=== Data for processing ===

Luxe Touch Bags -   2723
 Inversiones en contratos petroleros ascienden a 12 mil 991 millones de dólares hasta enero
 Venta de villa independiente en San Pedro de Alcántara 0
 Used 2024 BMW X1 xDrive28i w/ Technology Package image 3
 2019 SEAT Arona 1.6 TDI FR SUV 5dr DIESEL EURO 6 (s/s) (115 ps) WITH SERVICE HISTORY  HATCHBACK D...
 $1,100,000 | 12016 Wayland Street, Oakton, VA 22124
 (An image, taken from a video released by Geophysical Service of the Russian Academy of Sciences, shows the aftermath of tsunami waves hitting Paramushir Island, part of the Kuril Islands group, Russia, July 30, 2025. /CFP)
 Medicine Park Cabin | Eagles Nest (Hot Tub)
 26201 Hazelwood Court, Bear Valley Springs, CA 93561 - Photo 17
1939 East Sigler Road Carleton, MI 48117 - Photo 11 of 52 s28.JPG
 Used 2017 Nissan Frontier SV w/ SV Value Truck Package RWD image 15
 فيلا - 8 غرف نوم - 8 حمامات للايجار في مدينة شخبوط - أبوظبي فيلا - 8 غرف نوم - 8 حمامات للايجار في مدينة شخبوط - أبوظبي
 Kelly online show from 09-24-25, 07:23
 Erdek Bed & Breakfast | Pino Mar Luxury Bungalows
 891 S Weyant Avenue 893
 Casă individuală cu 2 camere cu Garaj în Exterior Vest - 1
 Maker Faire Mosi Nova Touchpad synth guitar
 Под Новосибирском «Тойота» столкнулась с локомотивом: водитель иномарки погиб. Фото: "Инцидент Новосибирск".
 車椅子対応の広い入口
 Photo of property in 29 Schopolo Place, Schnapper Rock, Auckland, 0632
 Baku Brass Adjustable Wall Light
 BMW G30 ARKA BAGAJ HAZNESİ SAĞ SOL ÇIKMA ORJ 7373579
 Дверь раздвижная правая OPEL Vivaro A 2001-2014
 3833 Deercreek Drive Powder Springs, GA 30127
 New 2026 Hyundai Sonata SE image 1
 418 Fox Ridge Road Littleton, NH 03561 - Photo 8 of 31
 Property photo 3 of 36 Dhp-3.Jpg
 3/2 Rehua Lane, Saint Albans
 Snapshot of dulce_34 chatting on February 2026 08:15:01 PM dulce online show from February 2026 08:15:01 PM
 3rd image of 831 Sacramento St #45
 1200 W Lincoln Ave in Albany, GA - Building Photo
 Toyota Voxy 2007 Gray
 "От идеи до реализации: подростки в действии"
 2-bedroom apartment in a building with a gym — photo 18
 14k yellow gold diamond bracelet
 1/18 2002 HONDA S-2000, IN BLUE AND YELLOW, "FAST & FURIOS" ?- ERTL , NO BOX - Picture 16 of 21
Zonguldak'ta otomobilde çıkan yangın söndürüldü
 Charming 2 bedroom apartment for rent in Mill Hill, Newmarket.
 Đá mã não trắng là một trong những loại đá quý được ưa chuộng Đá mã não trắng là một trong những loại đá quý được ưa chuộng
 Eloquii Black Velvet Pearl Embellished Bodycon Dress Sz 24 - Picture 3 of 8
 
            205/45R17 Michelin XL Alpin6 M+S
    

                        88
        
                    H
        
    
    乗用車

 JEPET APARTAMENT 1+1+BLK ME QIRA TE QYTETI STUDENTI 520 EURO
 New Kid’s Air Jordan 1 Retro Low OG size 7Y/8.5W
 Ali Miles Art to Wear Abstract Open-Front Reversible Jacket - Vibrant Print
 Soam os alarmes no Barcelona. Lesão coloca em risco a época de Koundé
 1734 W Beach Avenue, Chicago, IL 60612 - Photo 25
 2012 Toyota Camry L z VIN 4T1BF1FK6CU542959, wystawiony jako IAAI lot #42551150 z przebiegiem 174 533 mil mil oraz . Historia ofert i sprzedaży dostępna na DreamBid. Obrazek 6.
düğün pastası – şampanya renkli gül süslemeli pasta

===

**Required work**.
Reproduce only the lines from the top of the material through the one bearing "2019 SEAT Arona", each exactly as it stands.

**Task answer**.
Luxe Touch Bags -   2723
 Inversiones en contratos petroleros ascienden a 12 mil 991 millones de dólares hasta enero
 Venta de villa independiente en San Pedro de Alcántara 0
 Used 2024 BMW X1 xDrive28i w/ Technology Package image 3
 2019 SEAT Arona 1.6 TDI FR SUV 5dr DIESEL EURO 6 (s/s) (115 ps) WITH SERVICE HISTORY  HATCHBACK D...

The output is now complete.